● Dataset entries
● ● ● ● ●
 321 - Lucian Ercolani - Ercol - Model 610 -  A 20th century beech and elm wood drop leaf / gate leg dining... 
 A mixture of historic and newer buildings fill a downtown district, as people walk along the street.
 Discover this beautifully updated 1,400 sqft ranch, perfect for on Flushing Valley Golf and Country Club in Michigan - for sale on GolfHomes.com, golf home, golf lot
● ● ● ● ●
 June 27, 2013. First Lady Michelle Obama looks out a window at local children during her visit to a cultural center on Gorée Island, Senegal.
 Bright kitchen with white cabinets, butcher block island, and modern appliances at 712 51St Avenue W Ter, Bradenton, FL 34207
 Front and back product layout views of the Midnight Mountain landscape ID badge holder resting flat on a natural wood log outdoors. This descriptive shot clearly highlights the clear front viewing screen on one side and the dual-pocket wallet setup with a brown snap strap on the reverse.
● ● ● ● ●
● Task
Please give back, exactly as it stands above, the stretch from the line with "June 27, 2013." through the line with "Bright kitchen with", and no line outside it.

● Answer box
 June 27, 2013. First Lady Michelle Obama looks out a window at local children during her visit to a cultural center on Gorée Island, Senegal.
 Bright kitchen with white cabinets, butcher block island, and modern appliances at 712 51St Avenue W Ter, Bradenton, FL 34207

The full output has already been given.